The suit alleges that the justices violated the United States Constitution by incorrectly holding that same sex marriage bans are unconstitutional, and seeks damages in excess of $6 million and additional punitive damages for (1) violations of the 5th Amendment under Bivens, a legal theory that allows individuals to sue government employees who violate their civil rights personally for money damages in certain circumstances, (2) breach of contract or oath, (3) breach of fiduciary duty, and (4) declaratory relief.

What is wrong with it?

Let me list some of the more obvious problems.

1. Judges have absolute immunity from liability for their judicial decision-making.  This is an ancient doctrine, with very few exceptions, that squarely applies in these circumstances.

Ironically, this part of the Complaint is probably the only one that is not sanctionable for violating Rule 11 of the Federal Rules of Civil Procedure related to frivolous lawsuits, because the Complaint acknowledges that absolute judicial immunity bars the suit and makes a (presumably) good faith argument for a change in the law (at paragraphs 27-32).

2. The interpretation of the United States Constitution articulated by a U.S. Supreme Court majority is, by definition, the correct interpretation of the U.S. Constitution that binds all federal district court judges.  So, his allegation that the U.S. Supreme Court majority's ruling violated the United States Constitution is wrong as a matter of law.

3. Put another way, the U.S. District Courts do not have subject matter jurisdiction to review decisions of the U.S. Supreme Court.

4. Austin Burdick has no standing to sue, which is a matter of subject matter jurisdiction, because he cannot show any tangible injury from the fact that same sex couples are allowed to marry.  Similarly, the oath made by the Justices was to the United States of America, not to him personally, as are any fiduciary duties that they owe.

5. Alabama does not have personal jurisdiction over any of the Justices all of whom work exclusively in the District of Columbia and live in its geographic vicinity and were not even ruling on a case involving Alabama parties when they made their Obergefell v. Hodges ruling. Therefore, this is the wrong place in which to sue these Justices on any question.

The lawsuit as a whole is frivolous, not just because he is wrong, but also because he does not address in his Complaint the other problems with his suit, which are obvious and do not have any remotely plausible legal basis, when he has not articulated any good faith basis for arguing that they should be changed.

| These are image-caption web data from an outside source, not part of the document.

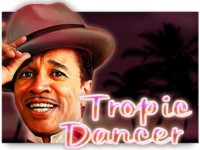 Tropic Dancer Spielautomat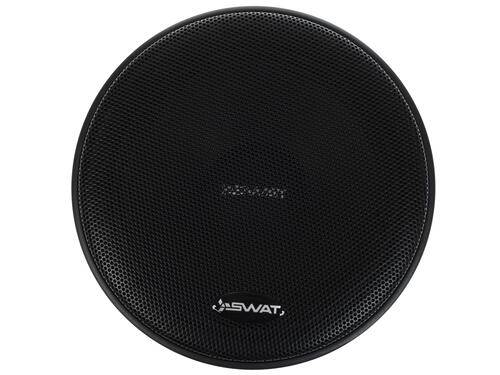 Купить Среднечастотная акустическая система SWAT SP PRO-65  1126785. Характеристики, отзывы и цены в Донецке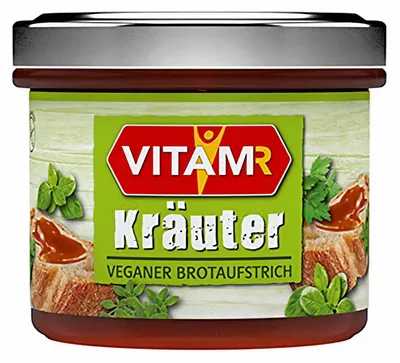 Image de Bâtonnets de bassin aktisan 45 litres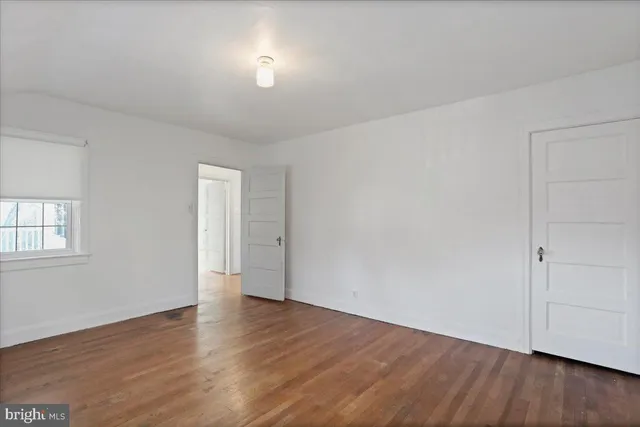 $400,000 | 19011 Orchard Terrace Road, Hagerstown, MD 21742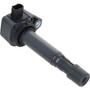 Holstein Ignition Coil 2IGC0436 for 2009-2015 Acura/Honda 3.7L 3.5L (MDX, RDX, ZDX, Pilot)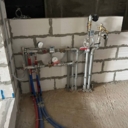 Аренда помещения под общепит в жилом комплексе "Остров"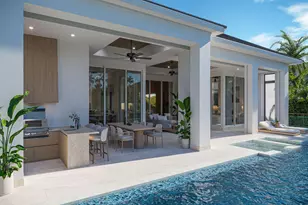 1566 Curlew Ave, Naples, FL 34102 - Photo 1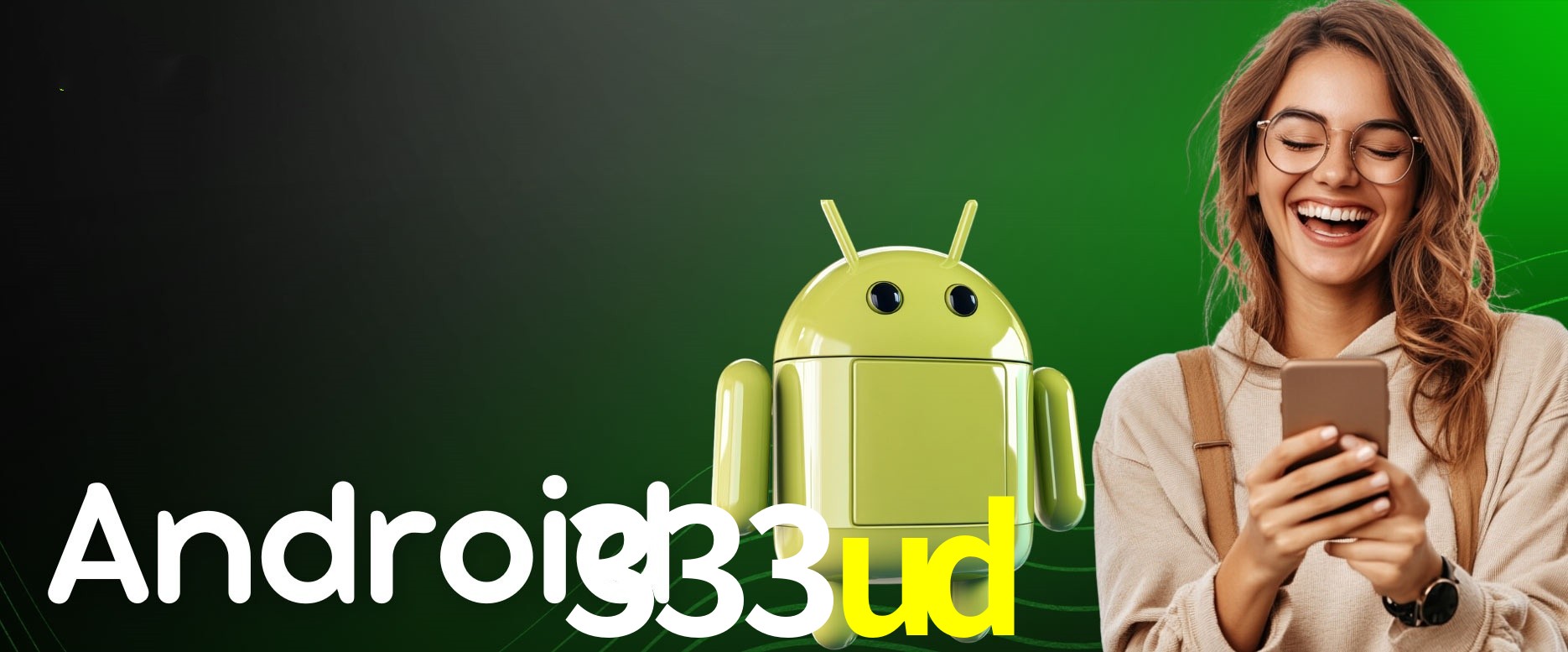 Security Systems 333ud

So, he should really be sanctioned for violating Rule 11 as well as having his suit dismissed with prejudice, and realistically, because his actions are so fundamentally at odds with the conduct of any legitimate attorney, he should forfeit his membership in the federal court bar (if he has one) and perhaps be sanctioned by the state court bar reciprocally as well (something that may not happen in practice with Chief Justice Moore, who is guilty of similar sins, presiding over the Alabama Supreme Court).

The federal judge assigned to his case would be well within his rights to raise these issues sua sponte, without waiting for a lawyer on behalf of the U.S. Supreme Court Justices in question to make these arguments.

Note that the people are not entirely without a remedy when they disagree with a majority of the U.S. Supreme Court regarding an interpretation of the United States Constitution or some other law.

* The United States Constitution can be amended.

* Justices of the United States Supreme Court may be impeached in a proceeding initiated by a majority of the United States House of Representatives, and leading to a conviction by two-thirds of the United States Senate.

* New judges can be appointed by the President and confirmed by the U.S. Senate in the future, and the new panel of U.S. Supreme Court judges that results can overturn prior U.S. Supreme Court precedents.

But, none of the legitimate means by which concern can be raised about a U.S. Supreme Court Justice's decision making can be appropriately raised in a civil action for money damages brought against a U.S. Supreme Court Justice by a random attorney in a random state effected by a ruling which national precedential effect who has no personal interest in the controversy.